Mrs Chandhok, who hired the employee, was born in India to Afghan Hindu parents and has been a British citizen since 2005.
Her husband was described as a Hindu born in Afghanistan whose parents sought refuge in Britain during the Afghanistan war in 1985 and has lived in Britain since 1999. He remains a German citizen.
Miss Tirkey, from from Bihar, the poorest of the Indian states, arrived in Britain in May 2008 and cared for the couple’s twins, a boy and a girl, and performed other domestic duties such as cooking and cleaning.
The Chandhok’s “concocted” a story about her working for them over an earlier period in order to circumvent immigration rules, the tribunal said.
After hearing evidence about Miss Tirkey’s accommodation the tribunal found that she slept on the floor of several rooms within the house and on occasion had to sleep without a mattress.
The panel also accepted her evidence that she worked 18 hours a day, seven days a week, and outside those hours she was “on call” to do the family’s bidding.
The Chandhoks had claimed Miss Tirkey’s hours were five and a half or six hours a day only with either one or two days off per week.

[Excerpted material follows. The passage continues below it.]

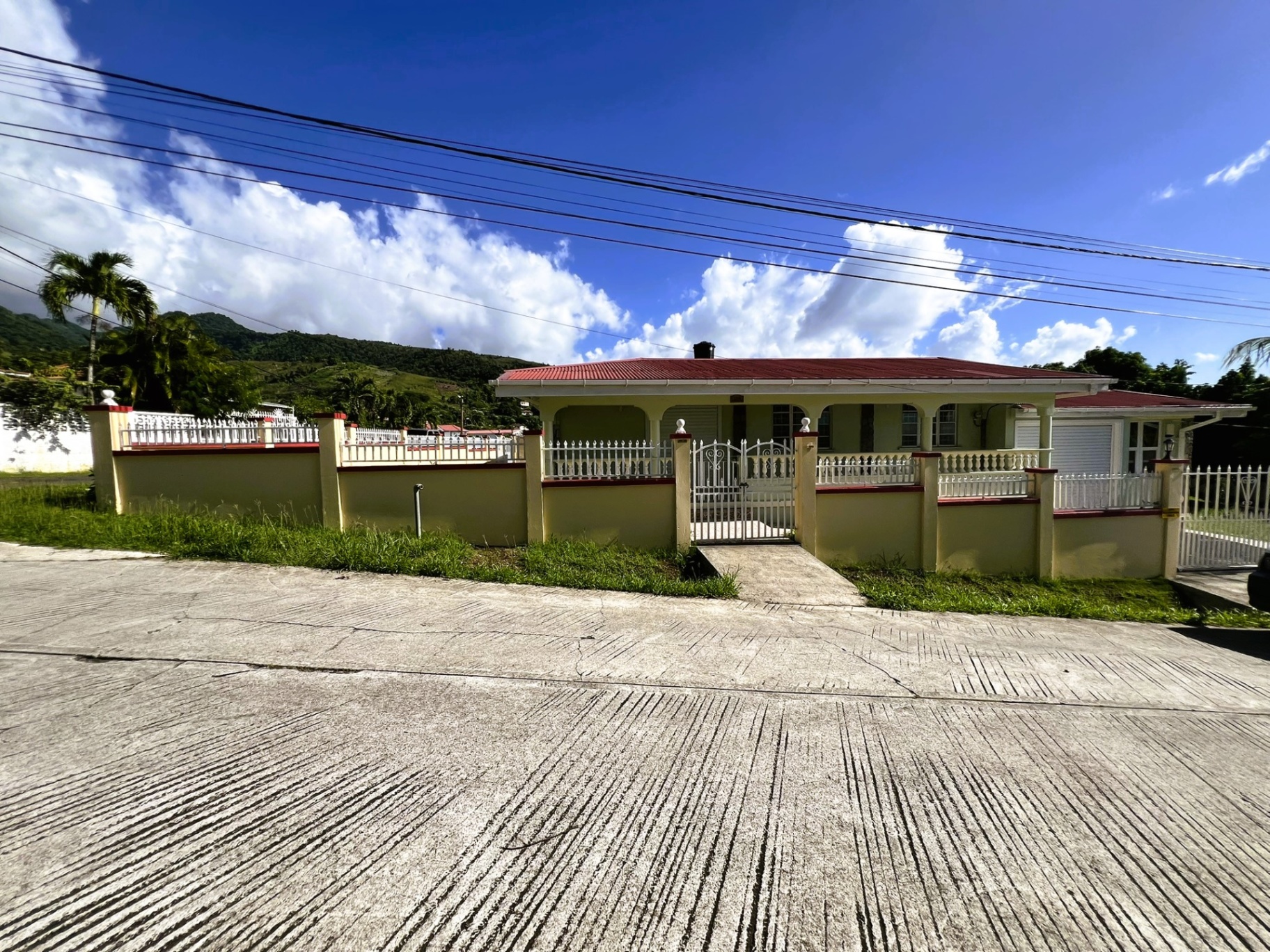 Belfast Mahaut Home | 3-Bedroom Property for Sale in Dominica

Mrs Chandhok would call Miss Tirkey “girl”, despite being younger than her, which the tribunal accepted was “demeaning”.
Miss Tirkey left their employment in 2013 by resigning “in circumstances which amounted to a dismissal”, the ruling said.
The tribunal said the Chandhoks “wanted a servant in the Indian style”.
“They wanted someone who would be not merely of service but servile, who would not be aware of United Kingdom employment rights and whom they could treat in the United Kingdom as [Mrs Chandhok’s] father treated his servants in India,” the ruling concluded.
It found the employers had also breached the European Union working time directive over her rest hours and annual leave.
In addition to the compensation awarded by the tribunal a further hearing to determine remedies for the discrimination and other matters will be held later this year.